» **Task instructions**
What is needed is an exact copy of the records below, with the pictures left out.

» **Supplied data**
######
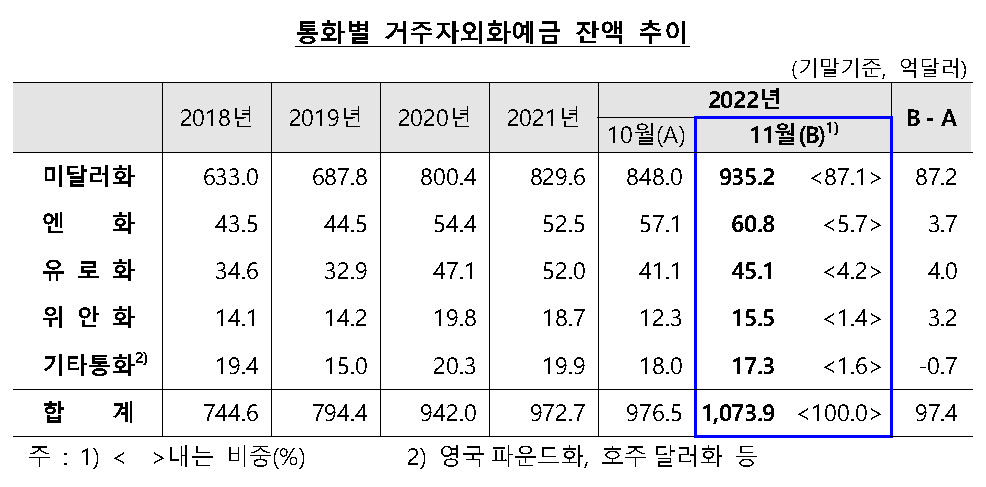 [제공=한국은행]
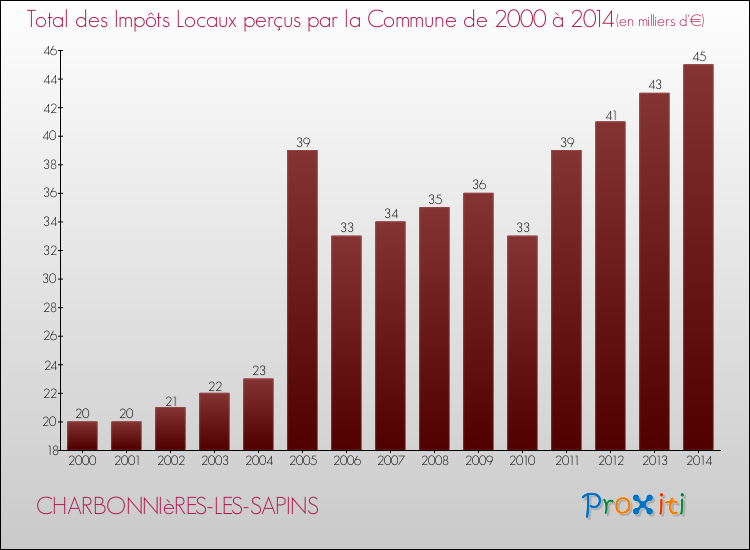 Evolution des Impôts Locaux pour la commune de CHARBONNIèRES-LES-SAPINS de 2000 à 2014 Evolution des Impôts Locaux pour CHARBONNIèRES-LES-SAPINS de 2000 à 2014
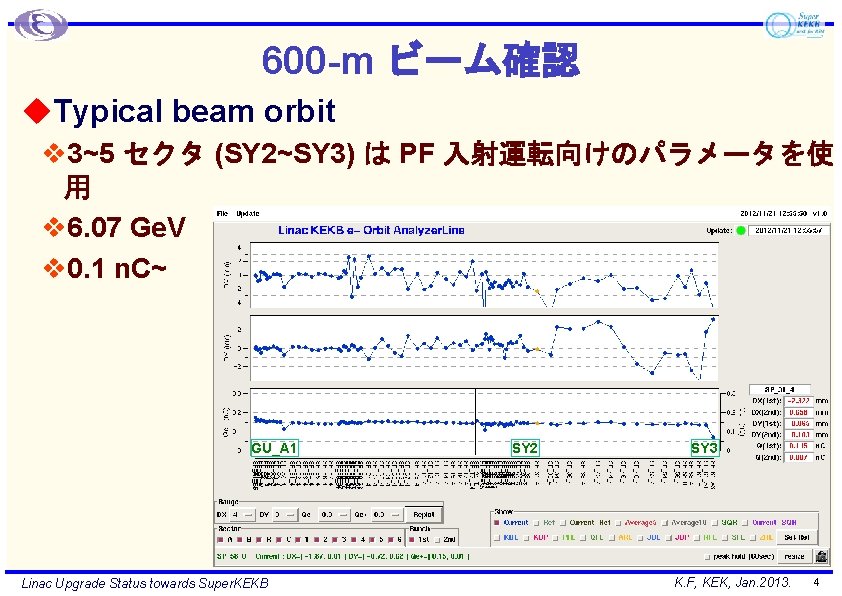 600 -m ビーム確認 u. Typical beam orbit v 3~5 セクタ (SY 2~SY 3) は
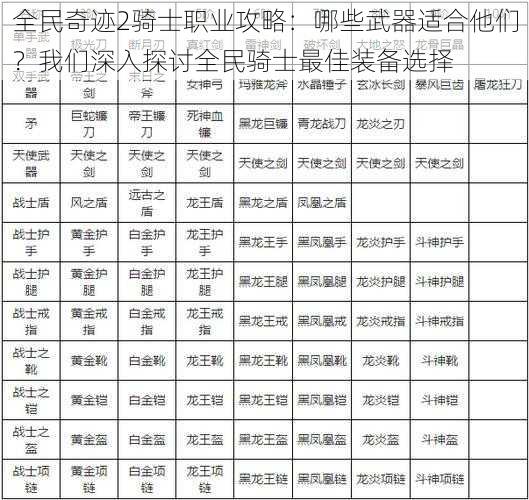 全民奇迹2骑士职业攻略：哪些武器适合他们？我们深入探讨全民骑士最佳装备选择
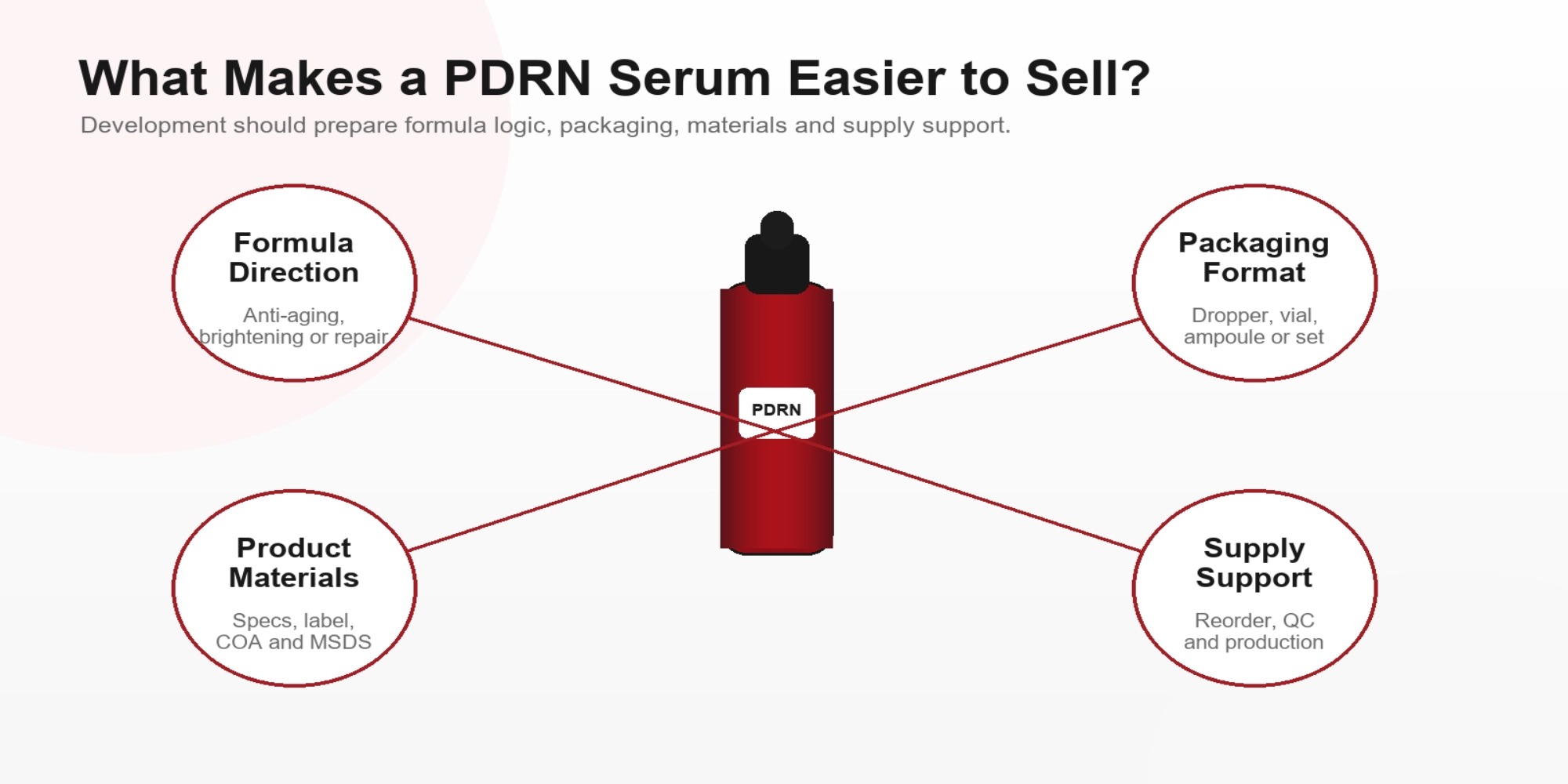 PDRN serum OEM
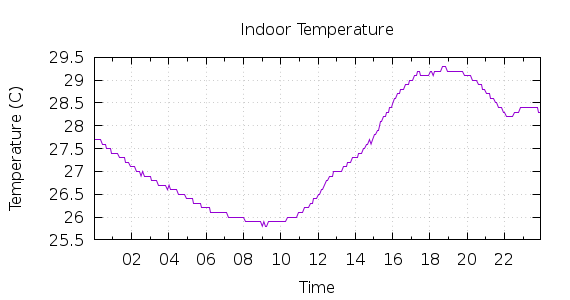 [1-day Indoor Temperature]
######
» **Output of the exercise**
 [제공=한국은행]
 Evolution des Impôts Locaux pour la commune de CHARBONNIèRES-LES-SAPINS de 2000 à 2014 Evolution des Impôts Locaux pour CHARBONNIèRES-LES-SAPINS de 2000 à 2014
 600 -m ビーム確認 u. Typical beam orbit v 3~5 セクタ (SY 2~SY 3) は
 全民奇迹2骑士职业攻略：哪些武器适合他们？我们深入探讨全民骑士最佳装备选择
 PDRN serum OEM
 [1-day Indoor Temperature]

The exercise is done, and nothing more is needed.